Neuf ans après sa création, la Cour Pénale Spéciale estime que son travail reste mal compris, alors qu'elle est critiquée pour sa lenteur et son inefficacité.
Pour redonner espoir aux victimes des multiples crises qu'a connues la République Centrafricaine, le pays s'est doté de deux institutions clés : la Cour Pénale Spéciale (CPS) et la Commission vérité, justice et réconciliation.
L'Etat centrafricain est aidé, notamment, par les Nations Unies. Mais la Cour fait face à des critiques et inquiétudes persistantes des victimes. En neuf ans d'activité, elle a condamné par exemple les auteurs des massacres commis à Koundjili et Lemouna, ouvert plusieurs procès et arrêté plusieurs suspects en attente de leur comparution. Elle a notamment fait arrêter le ministre Hassan Bouba, réputé proche des mercenaires russes de Wagner. Lequel a ensuite été extrait d'entre ses mains par le gouvernement.
Lenteur des procédures
Pourtant, Bertin Botto, président de l'Association d'entraide aux victimes des événements (AEVI) n'est pas totalement convaincu par la Cour spéciale.
Selon lui, "en cinq ans, ils n'ont jugé qu'une seule affaire, un seul verdict a été prononcé par la chambre d'assise. Après il y a eu appel. Le constat est amer et c'est vrai que les choses n'avancent pas par rapport aux attentes des victimes".

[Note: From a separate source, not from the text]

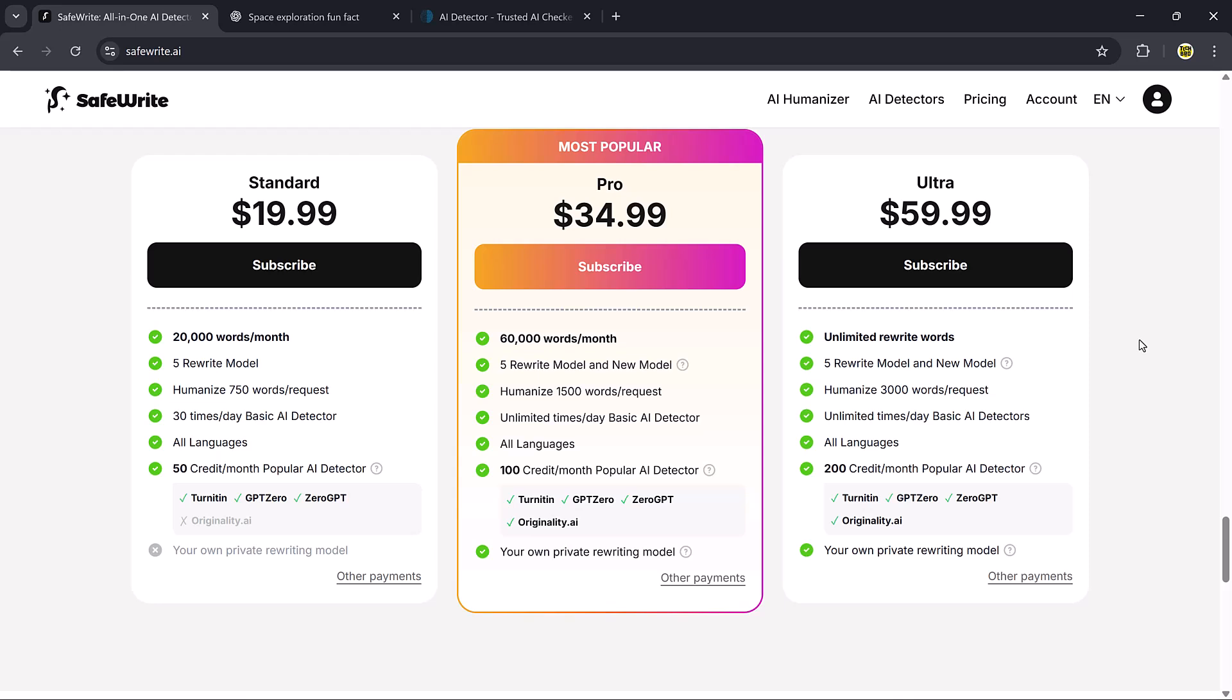Finally, the ultra plan is $59.99 per month. With this, you get unlimited words, up to 3,000 words per request, unlimited AI detection, and 200 credits for premium detectors.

L'opposition comprend que la CPS n'ait encore jugé que peu de dossiers. En revanche, Jean-Pierre Mara, ancien député en exil en France, doute de l'indépendance de la Cour.
Il estime que "le lien entre les neuf ans de mandat et la lenteur remarquée avec trois dossiers par an me semble juste une lenteur humaine propre aux interactions avec le gouvernement, l'influence locale ou internationale. Par ailleurs, comme nous avons tous vu avec le cas de Hassan Bouba, il y a un gros dysfonctionnement. La juridiction actuelle délivrée par la CPS n'est pas libre et ne sert strictement à rien".
La Cour se défend
Michel Landry Louanga, président de la CPS, assure pour sa part qu'il a "toujours eu l'impression que les gens ne comprenant pas bien, se focalisent beaucoup plus sur la phase réservée au procès. Mais pour arriver au procès et comme nous sommes une nouvelle juridiction, il faut d'abord commencer par les enquêtes et c'est ce qui a été réalisé dès les premières années et on continue à remplir notre mission dans le cadre du mandat pour qu'on puisse atteindre les objectifs recherchés".
Seulement le chemin est encore long et les ressources viennent parfois à manquer. L'autre défi de la Cour, pour gagner la confiance des Centrafricains, est désormais de parvenir à arrêter les dirigeants des groupes armés dont certains sont signataires de l'accord de paix du 6 février 2019.